同社での僕は、布用消臭剤の「ファブリーズ」「レノア」などのヒット商品のマーケティングを手がける機会をいただいたほか、髭剃りの「ジレット」のブランドマネジャーも経験した。そこでもつねに求められていたのは、データ重視の戦略づくりだ。
商品の売上をユーザー数、使用頻度、家族内の使用人数、アイテム数などに分解し、今後の課題や見落としている機会を特定する。そうやって仮説をつくったら、あとはそこに予算をつぎ込んでマーケティングプランを実行に移し、効果を検証する。その繰り返しだ。
こうしたデータ・ドリブンのマーケティングは、滅多なことがない限り、大きな失敗をしない。勘や思いつきに頼った場合と比べれば、はるかに「打率」はいいはずで、安定してビジネスを伸ばしていけるというメリットがある。
他方で、弊害がないわけではない。最も典型的なデメリットは「データ病」だ。数字やデータに基づいた意思決定を繰り返すうちに、明確なエビデンスなしには何も決められない風土が蔓延する。
こうなると、新しいチャレンジが生まれなくなり、既存ビジネスをどう伸ばすかだけに発想が固定されてしまうのだ。また、スピードに欠けるところがあるため、あまりデータを重視していない競合他社に、市場の新たな兆しをことごとく先に捉えられてしまうこともよくある。

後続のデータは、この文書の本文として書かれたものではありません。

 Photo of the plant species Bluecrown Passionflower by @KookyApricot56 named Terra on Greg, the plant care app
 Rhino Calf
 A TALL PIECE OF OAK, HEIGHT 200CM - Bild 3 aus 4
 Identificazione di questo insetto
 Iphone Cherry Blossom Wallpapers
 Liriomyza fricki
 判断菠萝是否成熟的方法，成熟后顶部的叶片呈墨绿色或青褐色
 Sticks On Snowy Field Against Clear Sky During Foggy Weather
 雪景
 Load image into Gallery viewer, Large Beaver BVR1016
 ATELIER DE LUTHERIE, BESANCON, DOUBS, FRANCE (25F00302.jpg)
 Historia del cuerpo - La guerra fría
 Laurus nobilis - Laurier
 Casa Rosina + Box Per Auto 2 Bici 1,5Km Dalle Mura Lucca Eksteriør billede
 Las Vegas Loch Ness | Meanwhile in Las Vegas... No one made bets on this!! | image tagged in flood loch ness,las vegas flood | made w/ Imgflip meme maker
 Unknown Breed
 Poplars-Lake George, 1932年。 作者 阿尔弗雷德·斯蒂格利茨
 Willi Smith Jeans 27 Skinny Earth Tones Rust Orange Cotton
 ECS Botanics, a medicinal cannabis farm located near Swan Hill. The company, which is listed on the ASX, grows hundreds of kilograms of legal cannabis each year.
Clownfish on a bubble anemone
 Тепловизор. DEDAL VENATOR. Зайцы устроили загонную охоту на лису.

とはいえ、職場にはそうした風土に対する明確な問題意識も存在していた。
当時のP&Gには、いまや「ユニバーサル・スタジオ・ジャパン」の再建などでも有名な森岡毅さん、「アリエール」や「ジョイ」を手がけた現・吉野家の執行役員の伊東正明さん、現・日本コカ・コーラの副社長の和佐高志さん、前・資生堂の最高マーケティング責任者(CMO)である音部大輔さんなど、マーケティング界のスーパースターがひしめいていた。いまでは一部で「P&Gマフィア」などという呼び名もあるほどだ。